- Directions: Starting at the first line of the data below, repeat each line word for word up to and including the line with "Welcome to this".

○ ○ ○ ○ ○ ○ ○

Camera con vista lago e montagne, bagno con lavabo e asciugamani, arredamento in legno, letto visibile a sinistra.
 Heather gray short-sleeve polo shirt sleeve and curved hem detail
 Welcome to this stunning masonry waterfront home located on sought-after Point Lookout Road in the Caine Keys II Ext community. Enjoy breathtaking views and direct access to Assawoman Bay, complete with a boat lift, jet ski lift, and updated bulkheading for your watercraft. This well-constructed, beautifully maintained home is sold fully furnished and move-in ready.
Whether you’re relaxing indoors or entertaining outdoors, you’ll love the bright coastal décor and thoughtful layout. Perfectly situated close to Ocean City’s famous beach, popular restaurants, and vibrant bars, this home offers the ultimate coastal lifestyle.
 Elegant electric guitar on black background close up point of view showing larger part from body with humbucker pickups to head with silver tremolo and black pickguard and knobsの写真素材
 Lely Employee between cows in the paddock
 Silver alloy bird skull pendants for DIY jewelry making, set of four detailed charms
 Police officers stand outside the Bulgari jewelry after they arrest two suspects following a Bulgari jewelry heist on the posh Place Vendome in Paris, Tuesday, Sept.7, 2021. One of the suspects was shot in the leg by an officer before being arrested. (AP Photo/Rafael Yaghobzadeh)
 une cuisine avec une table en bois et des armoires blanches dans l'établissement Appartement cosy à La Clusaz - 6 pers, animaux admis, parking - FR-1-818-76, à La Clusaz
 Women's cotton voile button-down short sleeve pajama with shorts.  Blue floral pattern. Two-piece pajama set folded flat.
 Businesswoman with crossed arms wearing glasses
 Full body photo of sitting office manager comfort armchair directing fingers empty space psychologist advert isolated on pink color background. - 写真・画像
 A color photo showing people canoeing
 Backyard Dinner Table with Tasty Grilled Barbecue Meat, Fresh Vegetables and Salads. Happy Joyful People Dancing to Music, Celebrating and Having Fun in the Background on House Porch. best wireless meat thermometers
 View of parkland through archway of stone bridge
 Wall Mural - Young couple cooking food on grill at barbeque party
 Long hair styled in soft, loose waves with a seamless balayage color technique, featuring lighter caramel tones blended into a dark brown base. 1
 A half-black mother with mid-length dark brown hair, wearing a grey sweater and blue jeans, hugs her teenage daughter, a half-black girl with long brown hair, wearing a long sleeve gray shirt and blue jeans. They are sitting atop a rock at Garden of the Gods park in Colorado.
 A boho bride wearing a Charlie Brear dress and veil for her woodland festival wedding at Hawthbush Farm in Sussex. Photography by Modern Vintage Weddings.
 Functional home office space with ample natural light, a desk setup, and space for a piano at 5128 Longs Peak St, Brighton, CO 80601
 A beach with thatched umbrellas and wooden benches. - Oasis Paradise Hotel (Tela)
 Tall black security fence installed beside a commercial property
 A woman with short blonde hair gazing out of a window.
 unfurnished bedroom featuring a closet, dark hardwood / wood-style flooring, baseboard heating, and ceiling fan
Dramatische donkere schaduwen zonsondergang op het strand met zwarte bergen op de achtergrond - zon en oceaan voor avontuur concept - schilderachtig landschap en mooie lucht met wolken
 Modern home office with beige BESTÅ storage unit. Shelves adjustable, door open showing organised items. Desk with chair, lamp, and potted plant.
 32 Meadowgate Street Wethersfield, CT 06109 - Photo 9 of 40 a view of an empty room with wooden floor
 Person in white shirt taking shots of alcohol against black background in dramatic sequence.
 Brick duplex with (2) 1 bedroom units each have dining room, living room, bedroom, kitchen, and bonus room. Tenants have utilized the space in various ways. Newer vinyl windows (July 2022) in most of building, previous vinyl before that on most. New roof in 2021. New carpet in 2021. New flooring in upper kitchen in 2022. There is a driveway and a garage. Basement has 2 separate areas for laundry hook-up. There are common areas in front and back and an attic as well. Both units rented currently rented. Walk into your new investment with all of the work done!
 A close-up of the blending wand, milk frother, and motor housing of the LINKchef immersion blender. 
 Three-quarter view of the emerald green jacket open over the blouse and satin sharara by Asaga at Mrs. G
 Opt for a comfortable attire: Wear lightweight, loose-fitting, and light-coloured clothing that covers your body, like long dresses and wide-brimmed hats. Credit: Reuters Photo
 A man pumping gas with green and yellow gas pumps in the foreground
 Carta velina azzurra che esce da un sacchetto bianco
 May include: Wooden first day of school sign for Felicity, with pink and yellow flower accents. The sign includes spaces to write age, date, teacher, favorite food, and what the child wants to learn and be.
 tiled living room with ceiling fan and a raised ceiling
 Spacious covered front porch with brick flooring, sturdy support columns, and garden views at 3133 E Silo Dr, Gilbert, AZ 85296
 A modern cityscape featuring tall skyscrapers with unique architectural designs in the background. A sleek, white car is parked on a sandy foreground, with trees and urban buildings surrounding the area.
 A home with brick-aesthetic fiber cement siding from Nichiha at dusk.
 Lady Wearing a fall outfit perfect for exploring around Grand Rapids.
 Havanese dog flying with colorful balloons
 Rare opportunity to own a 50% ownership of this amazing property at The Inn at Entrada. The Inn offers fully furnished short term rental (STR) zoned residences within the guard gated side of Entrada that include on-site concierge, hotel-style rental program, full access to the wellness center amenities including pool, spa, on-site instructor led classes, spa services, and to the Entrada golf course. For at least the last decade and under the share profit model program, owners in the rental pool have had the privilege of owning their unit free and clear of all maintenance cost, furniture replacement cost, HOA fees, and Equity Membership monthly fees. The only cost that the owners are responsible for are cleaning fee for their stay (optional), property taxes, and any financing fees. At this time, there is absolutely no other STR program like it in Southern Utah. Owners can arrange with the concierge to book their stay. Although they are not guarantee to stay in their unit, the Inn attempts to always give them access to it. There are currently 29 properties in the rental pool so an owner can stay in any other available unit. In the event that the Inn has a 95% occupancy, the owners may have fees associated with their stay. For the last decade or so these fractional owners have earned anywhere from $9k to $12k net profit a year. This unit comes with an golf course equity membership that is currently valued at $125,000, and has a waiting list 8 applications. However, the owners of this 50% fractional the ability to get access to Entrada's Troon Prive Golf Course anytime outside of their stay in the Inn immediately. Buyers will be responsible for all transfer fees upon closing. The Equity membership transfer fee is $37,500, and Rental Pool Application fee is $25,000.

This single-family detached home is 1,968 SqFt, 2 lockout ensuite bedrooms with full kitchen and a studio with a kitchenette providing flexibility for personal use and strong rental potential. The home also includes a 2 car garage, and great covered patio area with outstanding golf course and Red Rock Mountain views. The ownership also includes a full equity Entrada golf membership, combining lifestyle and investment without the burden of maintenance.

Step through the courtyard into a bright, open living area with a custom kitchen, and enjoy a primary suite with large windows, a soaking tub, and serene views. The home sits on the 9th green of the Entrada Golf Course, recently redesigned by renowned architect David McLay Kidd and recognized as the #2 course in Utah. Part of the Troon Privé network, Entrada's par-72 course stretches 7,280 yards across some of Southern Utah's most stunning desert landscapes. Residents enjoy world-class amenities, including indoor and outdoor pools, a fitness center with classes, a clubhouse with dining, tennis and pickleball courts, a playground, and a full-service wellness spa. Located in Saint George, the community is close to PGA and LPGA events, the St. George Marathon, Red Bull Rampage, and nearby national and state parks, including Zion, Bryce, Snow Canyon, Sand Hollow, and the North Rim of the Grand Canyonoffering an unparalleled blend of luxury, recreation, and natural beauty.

○ ○ ○ ○ ○ ○ ○

- Written solution:
Camera con vista lago e montagne, bagno con lavabo e asciugamani, arredamento in legno, letto visibile a sinistra.
 Heather gray short-sleeve polo shirt sleeve and curved hem detail
 Welcome to this stunning masonry waterfront home located on sought-after Point Lookout Road in the Caine Keys II Ext community. Enjoy breathtaking views and direct access to Assawoman Bay, complete with a boat lift, jet ski lift, and updated bulkheading for your watercraft. This well-constructed, beautifully maintained home is sold fully furnished and move-in ready.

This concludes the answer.